Much of this is good news. For instance, Selective Adoption and DPKs have both made the SysAdmin’s life easier (once the toolset has been learnt). The future sounds like this trend will continue as Cloud Manager will allow one-click provisioning and refreshes of environments, and Elasticsearch promises to alleviate some of the SES headaches.
This greater functionality does come at a cost for the SysAdmin, and that is that there is a wider breadth to the set of tools that they are required to master. The days where the SysAdmin just needed to do installs and tuning have passed. This increased automation brings the requirement for DevOps SysAdmins – i.e. SysAdmins who are able to cut some code.

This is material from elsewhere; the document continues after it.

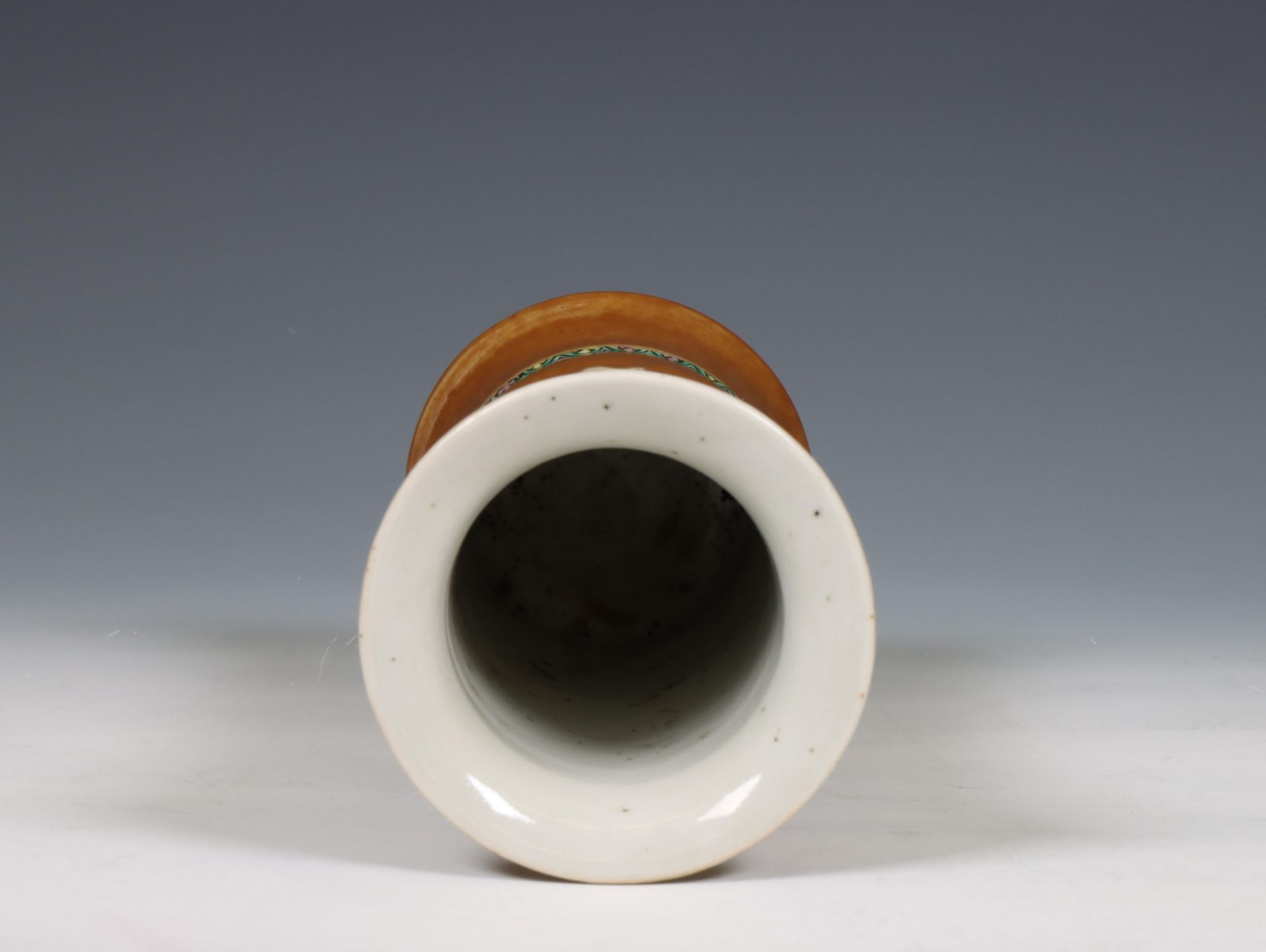China, a café-au-lait-ground famille verte porcelain trumpet vase, 18th century, - Bild 2 aus 4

The role of Developer is Changing
LogStash for PeopleSoft
I felt I should end with a real ‘out there’ prediction. With Elasticsearch we can see that Oracle are open to including a new 3rd party product as part of the stack (previously it seemed like 3rd party tools were slowly being phased out) so what other new products or tools might be included? Elasticsearch is made by a company called Elastic, but they have other offerings in addition to their core Search product. The one that looks the most appealing from a PeopleSoft point-of-view is LogStash. I’ve looked at it a number of times over the years but its lack of Windows support was always a barrier for me, however now it’s available on Windows. LogStash is a log file aggregation tool, it takes all of the entries in all of your log files spread across all of your servers and makes them available for searching in one central repository. It’s easy to see how that might be incredibly useful in a PeopleSoft context. There are alternative tools that perform a similar role – Splunk for example – however I think LogStash is the most obvious selection.
UPDATE: The PSAdmin.io guys discussed Splunk and LogStash in their latest Podcast.
So, there are 8 predictions for the coming years. Have I missed anything glaring? Have I got one of them wrong?